Numerous commentators have by now remarked on John Roberts’s wry sense of humor, as revealed in memoranda released from his service in the Reagan administration. My favorite jibe of his so far is one I haven’t seen mentioned elsewhere. In 1994 in a now-defunct law journal called the Public Interest Law Review (edited by The Weekly Standard’s Terry Eastland), Roberts published an article reviewing the 1992-93 term of the Supreme Court. (My thanks to Gerry Bradley for tracking down the article in his library, as mine didn’t have the journal.)
In the course of the article Roberts, who had recently left the Solicitor General’s office and returned to private practice following the election of President Clinton, wrote critically of the decline that had occurred over the preceding several years in the number of cases heard and decided by the Court. Then came this deadpan put-down of the justices who had engineered this change: “Speculation as to the reasons for the significant drop in decided cases abounds. Most observers are properly unwilling to credit one obvious explanation, that this is what you get when you give people complete job and salary security and tell them to decide for themselves how much work to do.”

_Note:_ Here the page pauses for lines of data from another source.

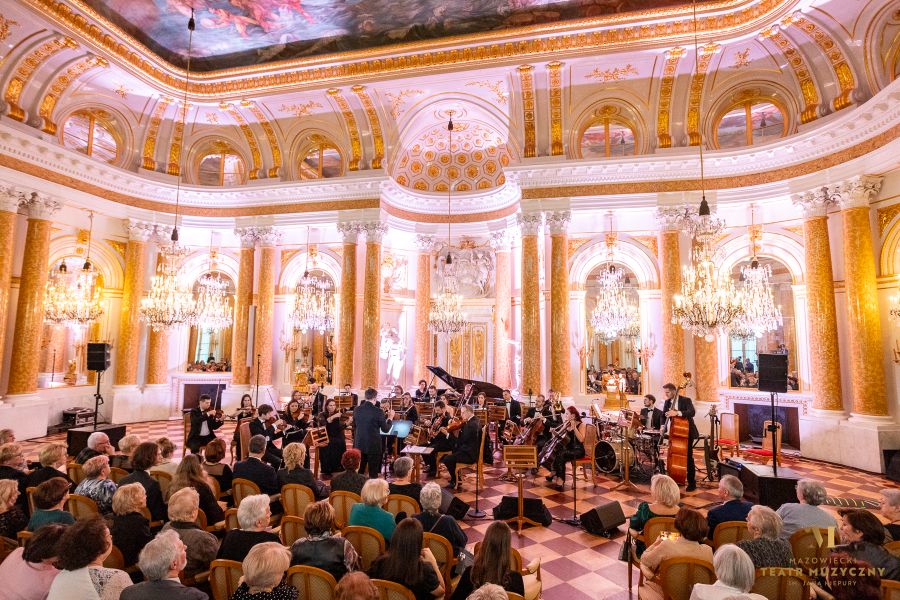 Królewski Koncert w Dniu Kobiet na Zamku Królewskim © Mazowiecki Teatr Muzyczny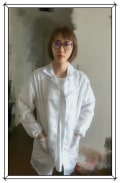 An illustration and a photo of the same person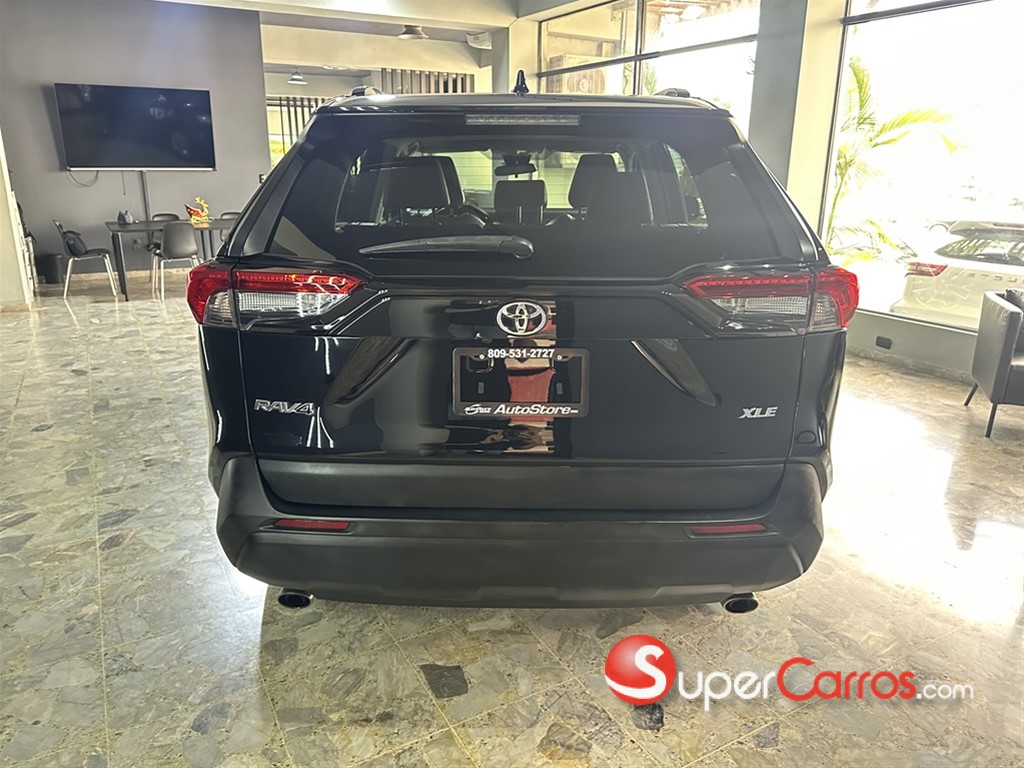 2021 Toyota RAV4 XLE Premium — foto 7 / 12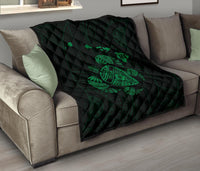 Hawaii Turtle Hibicus Map Premium Quilt - Green - Polynesian Pride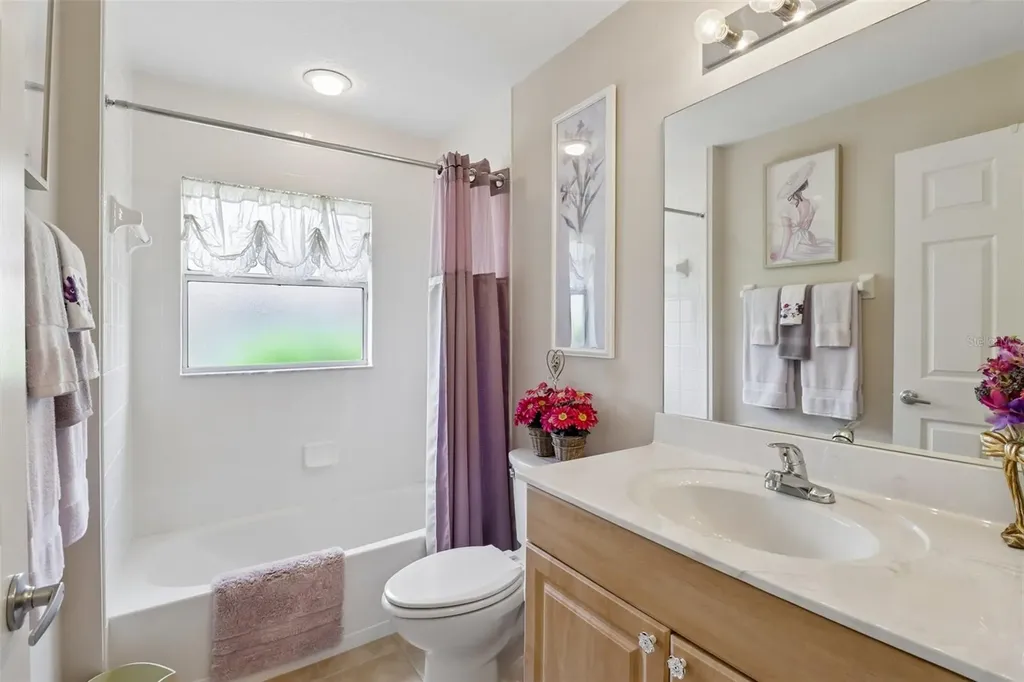 10172 Mainsail Drive Oxford FL 34484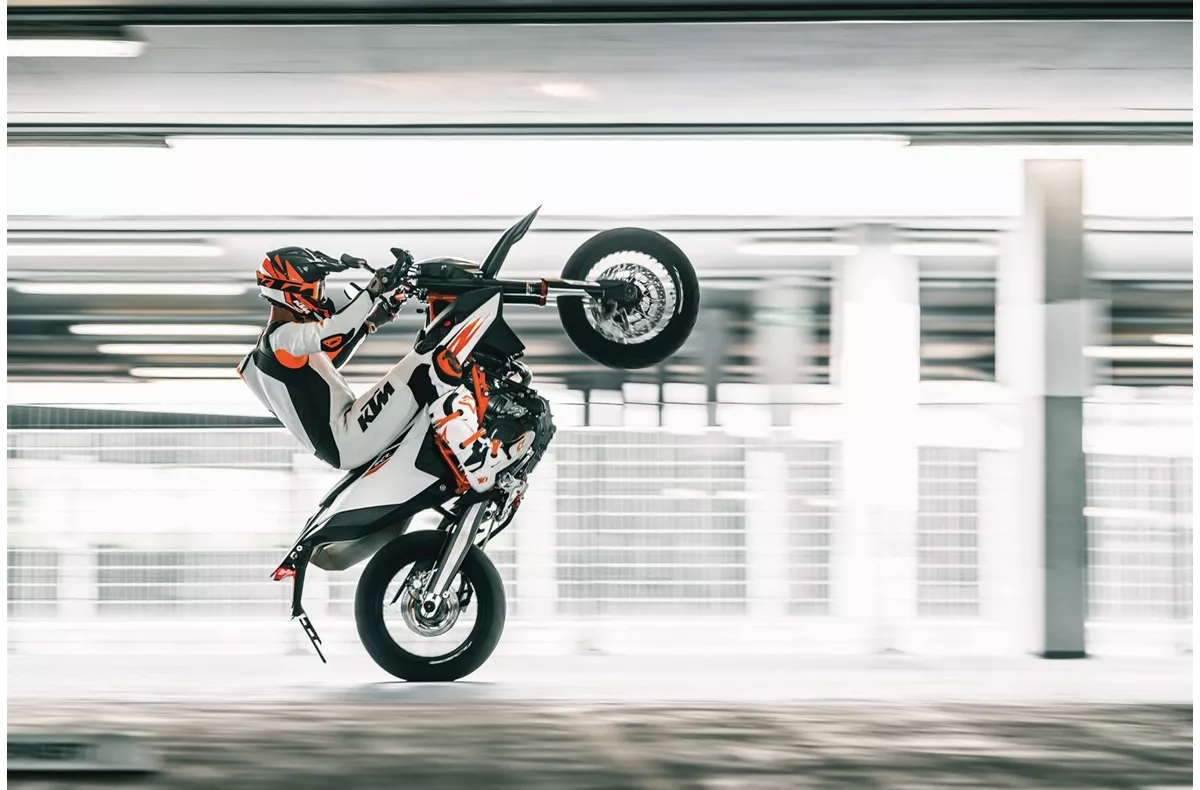 KTM 690 SMC R KTM 690 SMC R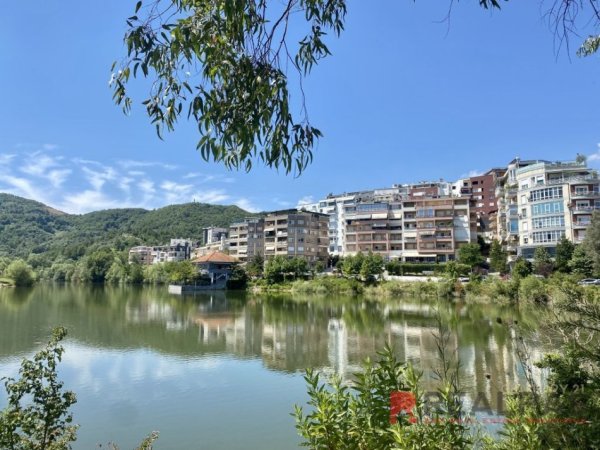 Tirane, shitet apartament duplex 2+1+Ballkon Kati 2, 200 m² 300.000 € (rruga hamdi garunja)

That phrase “properly unwilling” achieves the intended effect with a sidelong glance–just enough obliqueness to give Roberts an “out” if someone accused him of having been harshly critical of the Court. Those who are “properly unwilling to credit” this explanation would include, obviously, the elite lawyers of the Supreme Court bar who appear before the justices frequently–such as Roberts himself at the time. But it is hard not to believe that Roberts himself liked the “obvious explanation.”
But the jibe raises an interesting question. Most students of the Court recognize the drop in the number of fully argued cases on the Court’s docket–from about 150 a year to about 85–as one of the chief aims of Chief Justice Rehnquist, who appears to have believed that the Court’s workload was too heavy when he was elevated from associate to chief nineteen years ago. Will Roberts, who once clerked for Rehnquist before he became chief, struggle to reverse this trend and re-expand the number of cases on the Court’s docket? At one point in his article, he remarks on the disapproval Justice Byron White often expressed of the trend of the shrinking docket–and on how that voice would now be stilled with White’s 1993 retirement. Perhaps Roberts will see himself picking up the fallen banner of Justice White, making the case within the Court for a fuller docket and especially for settling “conflicts among the courts of appeals,” a need particularly noted by White in his day.
This is all admittedly speculative–another reason to ask Roberts lots of questions!–but if I read these tea leaves correctly, we could see a battle in future of Roberts vs. Rehnquist, the protégé vs. the mentor. It might be interesting to watch.